しつこく懇願するぼくをサクマは胡乱な目つきで眺めた。(27頁より/幽霊番)

 胡乱(うろん)、はじめて聞いたことば(ぐぐった)。けっこう、身近でないことばって、頭に入ってこないというかそのことばだけ浮いて集中できなくなることがあるのだけれど、この「胡乱」ということばがなんの違和感も不自然さもなく(いやぐぐりはしたんだけど)、わたしのなかにすっと入ってきてくれて、こういう文章でつむがれる感性が爆発している作品といえば、わかってくれる方いらっしゃいますか……笑

 ちなみに幽霊番はこちらから試し読みができるよう! ウツミが幽霊に惹かれていくさまはぞっとしつつもこちらまで取り込まれそうになる。

note.com


レースの村

 女性だけの村で育った卯月と、「騙されちゃ、だめよ」と云い、突然いなくなってしまったハルカ。

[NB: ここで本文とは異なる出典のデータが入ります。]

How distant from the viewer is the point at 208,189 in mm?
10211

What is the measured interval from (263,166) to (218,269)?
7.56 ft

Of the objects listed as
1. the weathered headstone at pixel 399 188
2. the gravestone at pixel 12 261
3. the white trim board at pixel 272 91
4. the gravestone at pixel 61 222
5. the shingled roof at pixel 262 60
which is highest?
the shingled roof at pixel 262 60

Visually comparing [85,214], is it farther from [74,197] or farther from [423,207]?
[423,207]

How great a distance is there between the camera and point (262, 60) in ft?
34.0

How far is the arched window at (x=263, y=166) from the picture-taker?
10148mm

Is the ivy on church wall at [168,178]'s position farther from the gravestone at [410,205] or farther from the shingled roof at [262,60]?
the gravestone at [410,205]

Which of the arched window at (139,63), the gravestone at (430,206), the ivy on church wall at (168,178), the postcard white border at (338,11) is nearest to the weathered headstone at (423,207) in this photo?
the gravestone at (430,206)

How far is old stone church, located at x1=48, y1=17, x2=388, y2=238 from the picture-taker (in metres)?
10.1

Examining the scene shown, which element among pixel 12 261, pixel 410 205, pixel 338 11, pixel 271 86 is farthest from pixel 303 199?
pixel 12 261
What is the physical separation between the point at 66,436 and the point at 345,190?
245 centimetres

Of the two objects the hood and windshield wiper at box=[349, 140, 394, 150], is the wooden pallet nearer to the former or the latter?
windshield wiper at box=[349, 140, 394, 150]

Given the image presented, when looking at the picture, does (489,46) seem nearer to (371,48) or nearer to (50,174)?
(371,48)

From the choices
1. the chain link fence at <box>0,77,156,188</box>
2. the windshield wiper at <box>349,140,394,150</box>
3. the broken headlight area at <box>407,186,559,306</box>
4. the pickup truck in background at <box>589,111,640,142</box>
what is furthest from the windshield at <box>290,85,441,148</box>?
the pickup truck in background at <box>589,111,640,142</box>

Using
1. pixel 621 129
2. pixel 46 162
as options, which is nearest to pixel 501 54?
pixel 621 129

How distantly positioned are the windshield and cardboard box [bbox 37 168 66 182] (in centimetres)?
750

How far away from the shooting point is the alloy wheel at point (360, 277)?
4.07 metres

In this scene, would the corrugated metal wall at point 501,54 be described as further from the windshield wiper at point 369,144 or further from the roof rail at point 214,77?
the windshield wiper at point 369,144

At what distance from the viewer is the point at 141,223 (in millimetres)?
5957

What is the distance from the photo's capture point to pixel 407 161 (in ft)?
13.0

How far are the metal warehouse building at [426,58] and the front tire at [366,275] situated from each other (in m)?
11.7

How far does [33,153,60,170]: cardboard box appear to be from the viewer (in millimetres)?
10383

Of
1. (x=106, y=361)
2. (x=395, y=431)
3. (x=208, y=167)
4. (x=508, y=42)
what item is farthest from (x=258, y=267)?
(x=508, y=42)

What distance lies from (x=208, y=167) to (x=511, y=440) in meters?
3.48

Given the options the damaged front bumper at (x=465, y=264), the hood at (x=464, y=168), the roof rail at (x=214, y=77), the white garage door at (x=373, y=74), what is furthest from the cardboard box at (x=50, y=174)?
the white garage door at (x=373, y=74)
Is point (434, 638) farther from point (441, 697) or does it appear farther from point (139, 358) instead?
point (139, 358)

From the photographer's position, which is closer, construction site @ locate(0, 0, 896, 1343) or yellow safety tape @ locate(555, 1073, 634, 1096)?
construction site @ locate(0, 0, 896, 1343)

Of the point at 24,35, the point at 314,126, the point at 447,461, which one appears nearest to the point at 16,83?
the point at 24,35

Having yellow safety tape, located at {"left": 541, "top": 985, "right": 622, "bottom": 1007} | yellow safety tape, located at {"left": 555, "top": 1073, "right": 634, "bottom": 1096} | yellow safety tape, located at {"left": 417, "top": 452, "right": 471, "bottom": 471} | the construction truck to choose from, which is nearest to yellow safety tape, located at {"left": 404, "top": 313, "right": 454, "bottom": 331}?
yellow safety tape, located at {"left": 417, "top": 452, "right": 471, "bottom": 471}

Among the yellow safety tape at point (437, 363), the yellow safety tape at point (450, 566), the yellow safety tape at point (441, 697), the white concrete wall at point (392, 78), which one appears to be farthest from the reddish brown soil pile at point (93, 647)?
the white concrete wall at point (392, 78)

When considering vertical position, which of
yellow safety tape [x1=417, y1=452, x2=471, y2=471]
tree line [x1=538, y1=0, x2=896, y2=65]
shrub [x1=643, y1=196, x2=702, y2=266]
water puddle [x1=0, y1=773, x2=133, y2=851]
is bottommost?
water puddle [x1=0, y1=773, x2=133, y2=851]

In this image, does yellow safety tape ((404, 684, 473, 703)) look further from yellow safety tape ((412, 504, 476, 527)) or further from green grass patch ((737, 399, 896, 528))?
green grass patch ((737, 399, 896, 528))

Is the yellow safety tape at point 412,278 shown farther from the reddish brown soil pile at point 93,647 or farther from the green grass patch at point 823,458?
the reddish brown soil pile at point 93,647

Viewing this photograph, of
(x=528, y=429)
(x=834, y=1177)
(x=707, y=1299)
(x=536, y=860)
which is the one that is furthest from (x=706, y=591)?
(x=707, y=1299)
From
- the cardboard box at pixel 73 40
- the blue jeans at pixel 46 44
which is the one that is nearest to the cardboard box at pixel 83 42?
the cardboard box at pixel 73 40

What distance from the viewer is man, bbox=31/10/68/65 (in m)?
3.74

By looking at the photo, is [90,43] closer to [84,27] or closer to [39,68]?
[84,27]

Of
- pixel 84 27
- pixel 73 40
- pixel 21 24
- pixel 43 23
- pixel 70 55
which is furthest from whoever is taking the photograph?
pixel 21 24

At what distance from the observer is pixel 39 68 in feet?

サナさんの秘密の儀式を偶然目撃した卯月は、自分の知らない世界があることに気づいてしまう……(帯文言より)

 表題作。女性だけで生活する村、そこでは男性は獣と教えられたりする。ハルカは、おそらくそんな村の教えに疑問を持ち、出ていった。ハルカがなにを持って「騙されちゃ、だめよ」と伝えてきたのかは明確にされていないけど、卯月が住む村はどこかおかしい。宗教じみた、大人のいうこと第一に、育てられている感じがする。村ではキャベツを育てており、冒頭では夜盗虫によってレース状に食い荒らされている、とある。レース状に食い荒らされている……、こ、こんなうつくしい不穏なはじまりかたある……? このキャベツは物語終わりにも出てきており、卯月自身がキャベツの葉を噛みちぎる。レース状に食い荒らされているほうが、なんだか神秘的でありまた細々とした綻びができているような感じがするけれども、最後に卯月がそういうのもぜんぶまるごと思い切り噛みちぎったなら、それは(わたしは)いいなと思った。


空回りの観覧車、透明になった犬の話

 幽霊番もレースの村も、ちょっと不穏というか、読んでいて「油断できないな」と思っていたので、続く「空回りの観覧車」「透明になった犬の話」、こちらも「油断できないぞ」という気持ちを念頭に置いて読みはじめたのだけど、後半二作はほっこり、なんかほっとする話(読み進めることがたのしいことに変わりはないので、がっかりするとかではなく)。

 
 どれも新しくて、なのに懐かしい、なんだか不思議な短編集だった。これからも買ってゆきたいな~。
 あと書肆侃侃房、わたしのパソコンでは一発変換してくれぬのだけが悔しい思い。